RECORDS FOR THIS TASK |
################

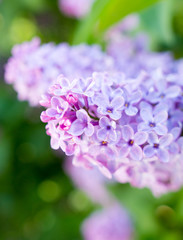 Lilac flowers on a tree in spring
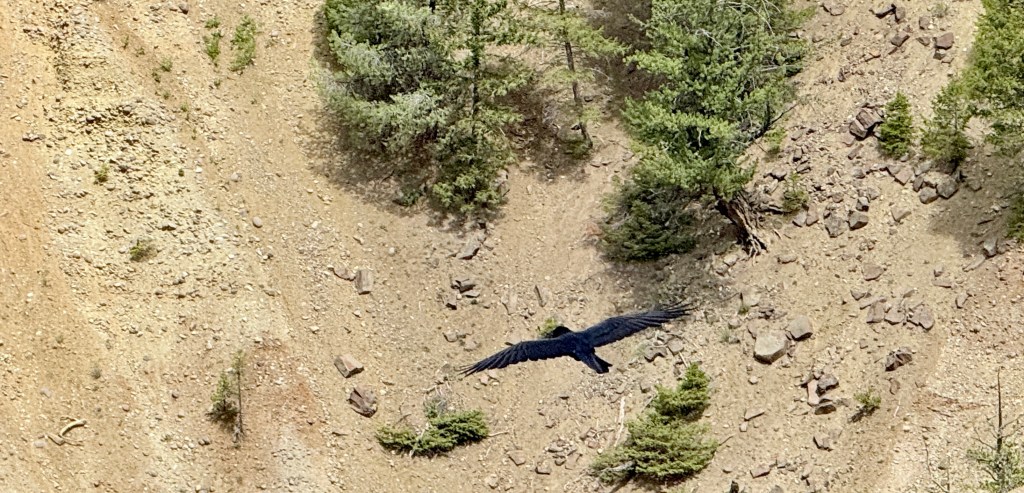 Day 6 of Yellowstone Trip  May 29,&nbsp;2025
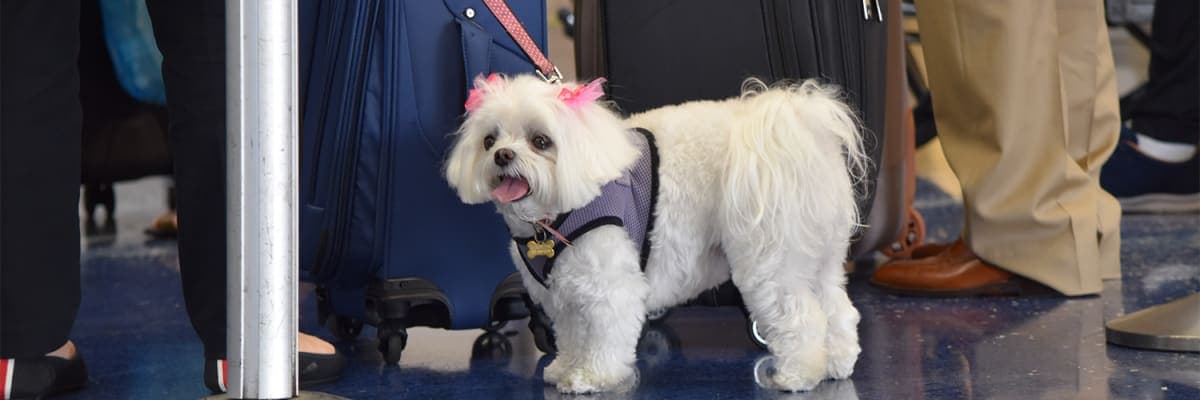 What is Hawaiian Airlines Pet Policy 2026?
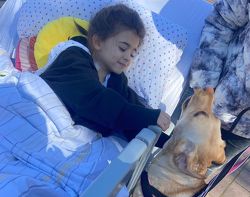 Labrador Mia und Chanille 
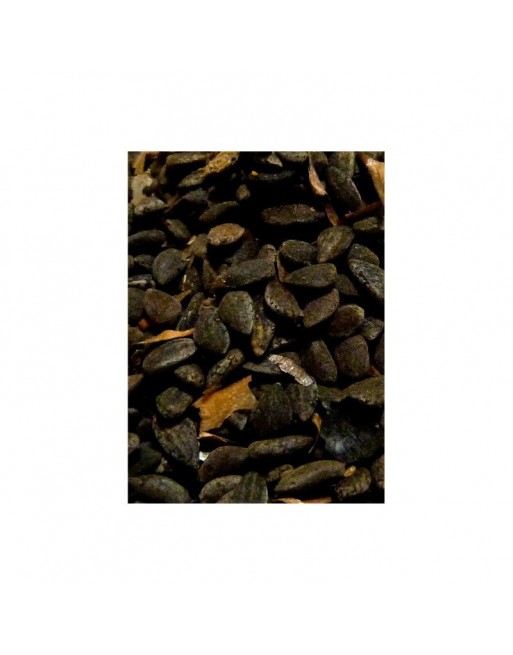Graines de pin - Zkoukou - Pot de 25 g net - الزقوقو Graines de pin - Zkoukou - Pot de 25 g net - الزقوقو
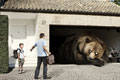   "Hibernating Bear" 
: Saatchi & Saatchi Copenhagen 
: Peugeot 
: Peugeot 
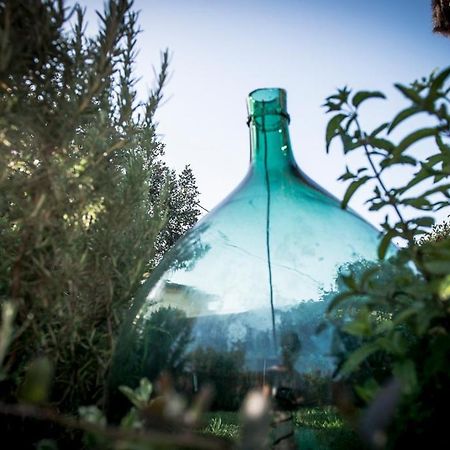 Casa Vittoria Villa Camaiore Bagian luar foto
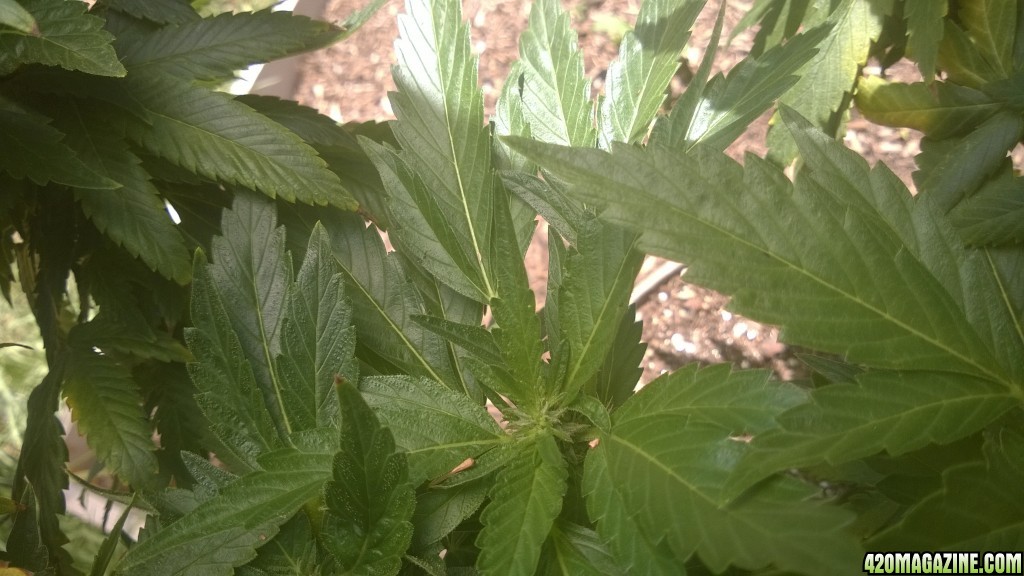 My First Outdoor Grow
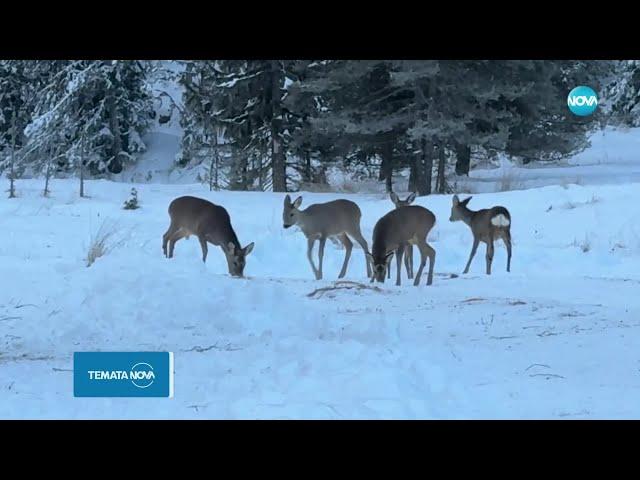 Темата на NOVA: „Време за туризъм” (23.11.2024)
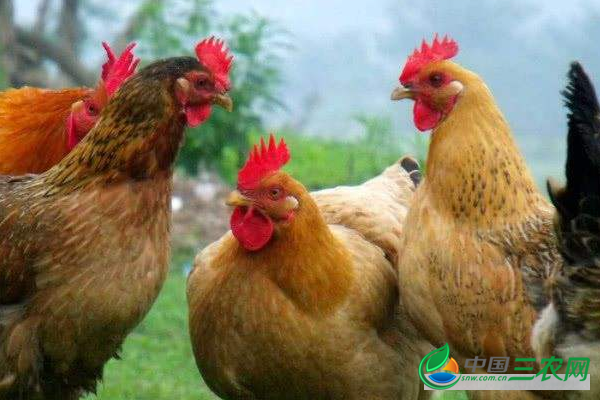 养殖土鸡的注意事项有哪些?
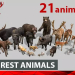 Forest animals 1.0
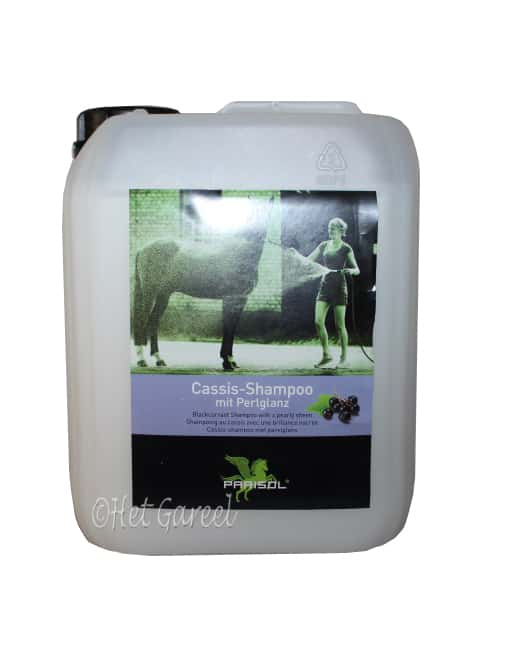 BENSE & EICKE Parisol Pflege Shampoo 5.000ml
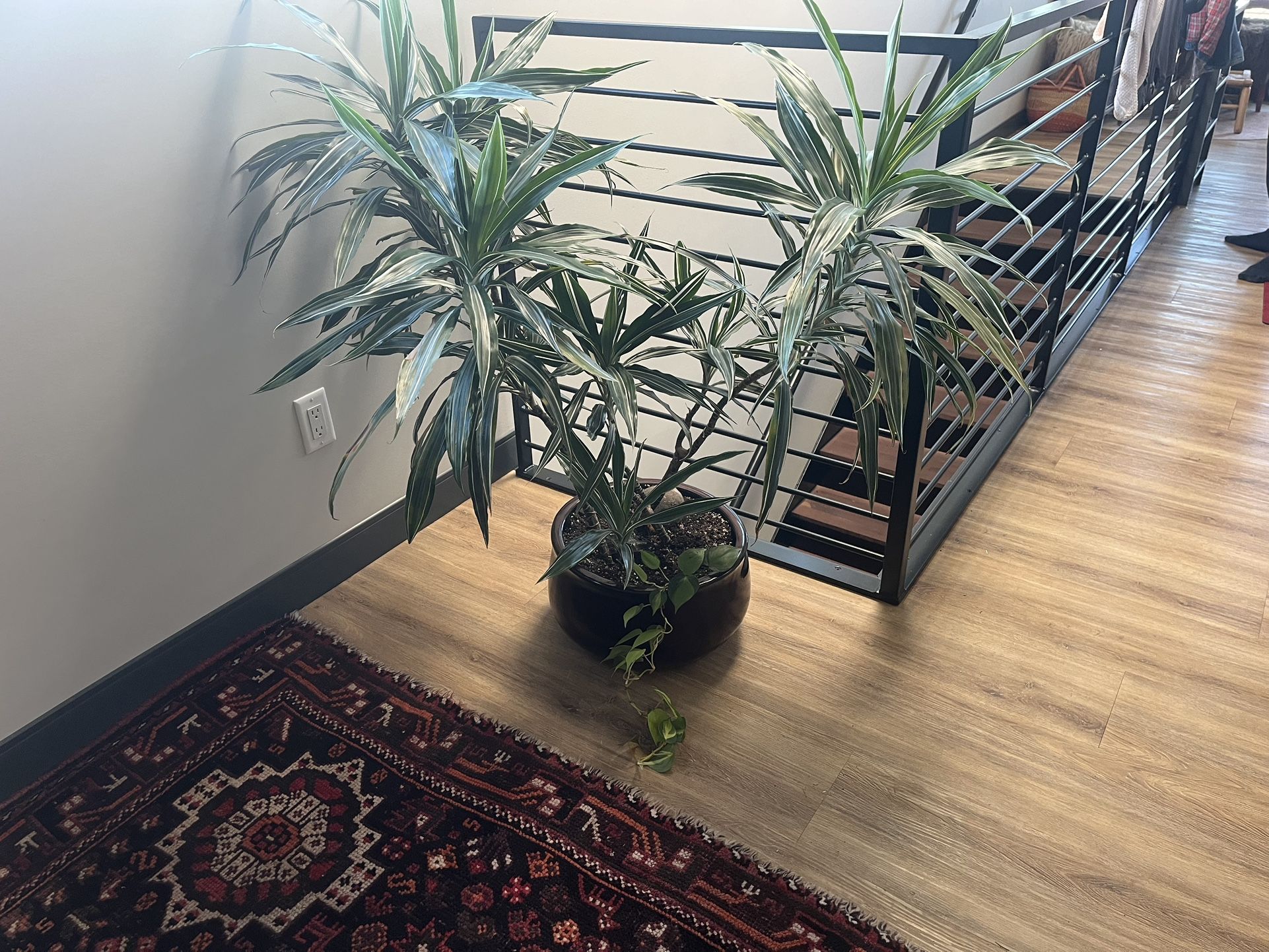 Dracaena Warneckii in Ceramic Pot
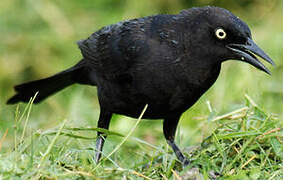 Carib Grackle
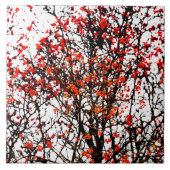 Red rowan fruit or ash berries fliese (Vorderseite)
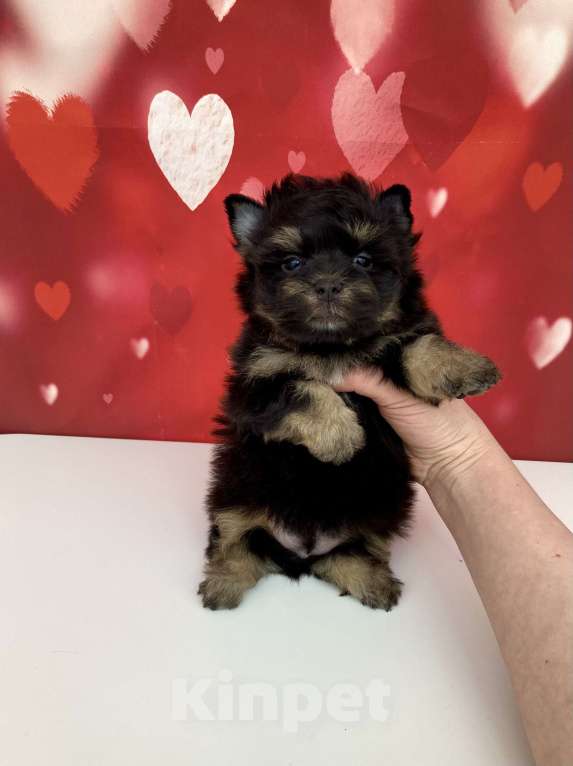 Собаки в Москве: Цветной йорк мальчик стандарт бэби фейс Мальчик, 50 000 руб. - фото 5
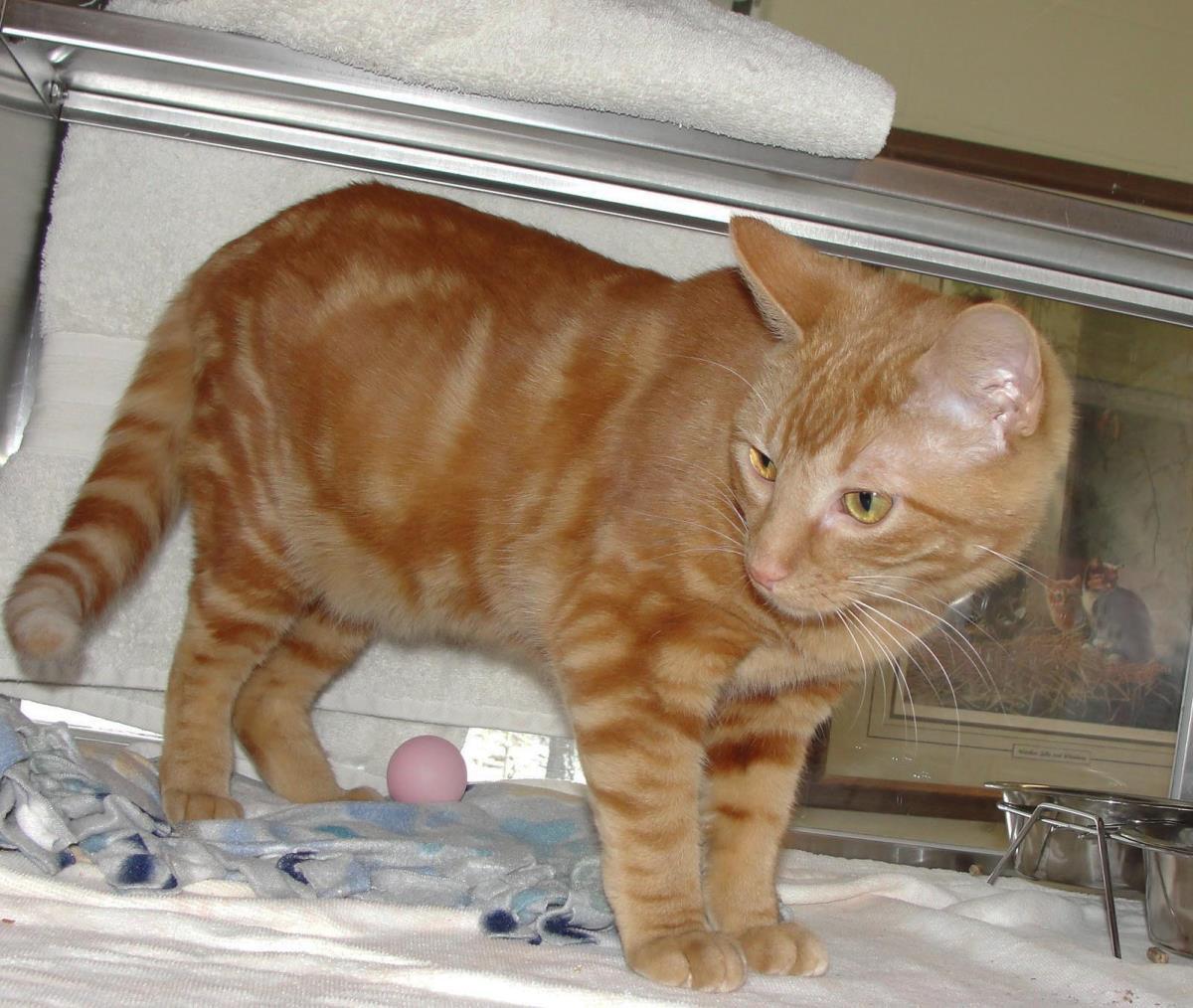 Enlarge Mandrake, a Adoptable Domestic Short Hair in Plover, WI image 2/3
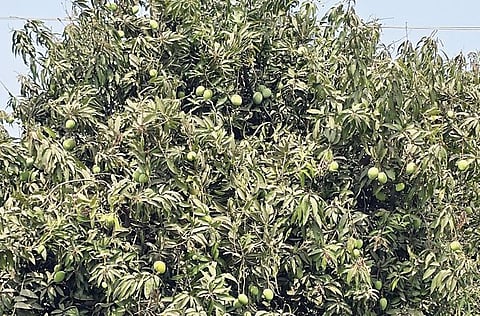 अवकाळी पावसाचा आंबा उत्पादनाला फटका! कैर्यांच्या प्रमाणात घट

################

ACTION ITEM | Leave out every picture and write out exactly the lines running from the line containing "What is Hawaiian Airlines Pet Policy 2026?" to the end of the listing above.

FINISHED TASK |
 What is Hawaiian Airlines Pet Policy 2026?
 Labrador Mia und Chanille 
Graines de pin - Zkoukou - Pot de 25 g net - الزقوقو Graines de pin - Zkoukou - Pot de 25 g net - الزقوقو
   "Hibernating Bear" 
: Saatchi & Saatchi Copenhagen 
: Peugeot 
: Peugeot 
 Casa Vittoria Villa Camaiore Bagian luar foto
 My First Outdoor Grow
 Темата на NOVA: „Време за туризъм” (23.11.2024)
 养殖土鸡的注意事项有哪些?
 Forest animals 1.0
 BENSE & EICKE Parisol Pflege Shampoo 5.000ml
 Dracaena Warneckii in Ceramic Pot
 Carib Grackle
 Red rowan fruit or ash berries fliese (Vorderseite)
 Собаки в Москве: Цветной йорк мальчик стандарт бэби фейс Мальчик, 50 000 руб. - фото 5
 Enlarge Mandrake, a Adoptable Domestic Short Hair in Plover, WI image 2/3
 अवकाळी पावसाचा आंबा उत्पादनाला फटका! कैर्यांच्या प्रमाणात घट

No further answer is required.